It would never occur to me that that sort of thing went on! How terrible.
It is common here because the property is some of the most expensive in America. Greed makes people do some weird things. Gentrification does not help much either. The Santa Clara Valley used to be famously agricultural.
My grandparents bought their home in Eureka back in the late 50’s, I believe. I’ve often wished I could have bought early there because I sure can’t afford to move back now. But from what you describe, I guess I wouldn’t enjoy the pressures of those who’d want to obtain my property. sad. I’ve probably already told you what became of my grandparents house~it was a classic case of cutting down the trees and putting up a parking lot, complete with klieg lights. My mother sold out and I don’t blame her.
Well, California is a big place. Eureka is far away from here, and is still a very nice place. There are still many nice places. The San Francisco Bay Area just is not as nice as other places. I sometimes tell my friends here that this is NOT a place that I would move to if it were not my home.

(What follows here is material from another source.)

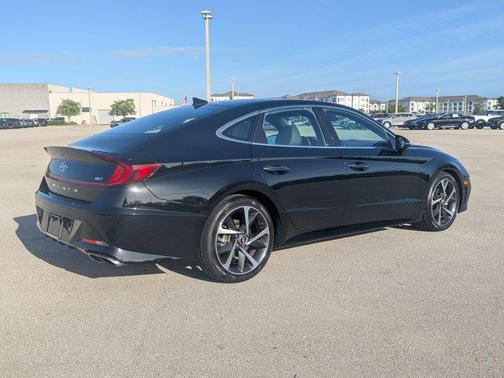 Phantom Black 2021 Hyundai SONATA SEL Plus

It used to be. Clearly a case of being loved to death. 😦
“Perhaps the greatest value of rearing Monarchs is not its impact on the butterfly, but its affect on people.” Jason, I think you nailed it! I also don’t think many would raise the butterflies, and not simultaneously grow the Milkweed they need, so I don’t quite understand the Xerxes assertion in that regard. Great post!
Thanks. I think the Xerxes folks were dealing with hypotheticals, they didn’t really have any evidence, at least not on that point.
I love that there are so many people out there who would care enough to have this debate.
That is an encouraging thought.
I took a look at your website – very nice! I left a comment but it may have gone to your spam folder.
The best use of rearing Monarchs at home is as a teaching tool, but I agree with Chip Taylor that’s it’s a bit of a distraction. Great post, Jason and lovely photos. I’m eagerly awaiting Monarchs through my garden as they head to Mexico.
Every time I see a Monarch these days I’m surprised. I want to ask it if it isn’t behind schedule on its trip south.
Lovely post. There’s a lifelong positive effect on kids if they rear ANY caterpillar into moths or butterflies, in my opinion. I can still remember the sheer magic of having Luna moths in the classroom when I was about 6 years old. And they laid eggs on my pencil as well!
Oh no, I suppose you could never use that pencil again.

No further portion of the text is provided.